Each of the first three classes were armed with big-name superstars: Richard Petty and Dale Earnhardt in the first, David Pearson and Bobby Allison in the second, and Darrell Waltrip and Cale Yarborough in the third.
NASCAR has recognized its big-name superstars from the 1970s and 1980s, along with influential owners and crew chiefs, not to mention the founders of the sport. But overlooked have been the pioneer drivers that set the framework for the sport in the early days, the 1950s and early 60s.
Their biggest drawback? Not driving in the era where races were widely televised, and not being able to be there to give induction speeches in person.
Their stats speak for themselves. There’s Herb Thomas and Tim Flock, the only drivers in Cup Series history to make at least 100 starts, and win more than 20 percent of them. Thomas has a 21.1 win percentage, Flock a 20.6. Both won a pair of titles and rank within top 20 all-time in wins, but both did the bulk of their winning in the early 1950s.
Also up for induction is Buck Baker, the first driver to win back-to-back Cup titles (1956-57), along with Joe Weatherly, who also won back-to-back titles (1962-63), but died following a racing accident at Riverside in 1964.
Straying from the pioneers, a recent name, but perhaps a longshot given that it’s his first year on the ballot, is Rusty Wallace. Among the drivers in the top dozen all-time in Cup wins, everyone who is retired is in the NASCAR Hall of Fame with the exception of Wallace.
But to show I’m not entirely biased towards the NASCAR driving pioneers, based on who is in the Hall of Fame already amongst car owners, Junior Johnson, Bud Moore and Glen Wood, two of the most-successful owners are also for up induction this year.
Only four owners have won more than five Cup championships, two are already in, Richard/Lee Petty for Petty Enterprises, and Junior Johnson.
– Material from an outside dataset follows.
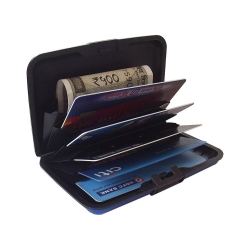 Etui na karty dokumenty aluminiowe portfel wallet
The other two are Rick Hendrick and Richard Childress, both of whom are nominees once again. Those two are also the owners of two of the five teams with at least 100 Cup wins.
NASCAR’s first few classes honored those who became household names as NASCAR rose to national prominence. But this one should star the trend of honoring those who laid the framework of the sport years before.